甘いが「からい」になったり、苦いが「あまい」になったりすることはありえませんが、漢字には一見相反する意味を持つことがときどきあります。これを反訓(はんくん)というそうです。一例をあげます。
【乱臣】ランシン(1)反乱などをおこして国を乱す臣下。(2)乱れた天下をよくおさめる能力のある臣下。
漢字「乱」にも「みだす」という訓と「おさめる」というふたつの相反する訓があるのです。複雑怪奇(^^)
この回答へのお礼
お礼日時:2007/08/29 16:40
ご回答有り難うございます。
反訓という用語は初めて知りました。
用語が考案される程度には同様の漢字がある事が分かり、大変勉強になりました。
No.3
- 回答日時:
>漢字がこのように相反する意味を持つのは一般的な事なのでしょうか。
それほど一般的とは言えませんが、常用漢字にもそのような例があります。
「残」「殖」
これらの部首の「歹」は「死」や「損害」を表すものです。
「残」はもともと「ひどく損なう」という意味ですが「のこる・のこす」という意味を持つようになりました。「残酷」「残忍」には元の意味が伺えます。

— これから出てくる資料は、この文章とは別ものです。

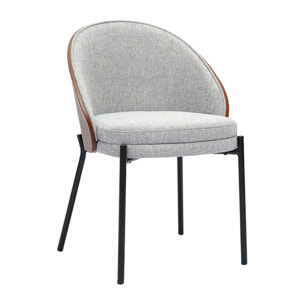 Chaises en tissu effet velours texturé gris, bois foncé et métal (lot de 2) TUCSON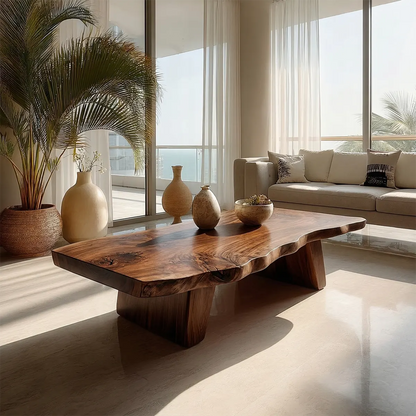 Organic Live Edge Coffee Table with Double Pedestal Base in Natural Solid Wood - Rustirawood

「殖」は「くさる」の意味でしたが「植」に通じて「植える」から「ふえる・ふやす」の意味に変わりました。
この回答へのお礼
お礼日時:2007/08/29 16:53
ご回答有り難うございます。
会意文字はやはり部首の意味に注意を払う必要がありますね。
最近、字自体は簡単な漢字の奥深さを痛感しています。
No.2
- 回答日時:
この字を会意兼形声とする辞書(漢字源2003)では、
「右側の部分は、子どもの形に似たさるを画いた象形文字で、人にじゃれつくさるのこと。」とした上で、「もとそれを音符とし、手を加えた字で、人になれたさるのように、うるさくじゃまをすること。のち音符を憂に書き誤り擾と書くようになった」としています。
この説によれば、なれたさる=うるさくじゃまをするさる、ということから来ることのようですから、まんざら相反しているというわけでもなさそうです。多義字というところでしょうか。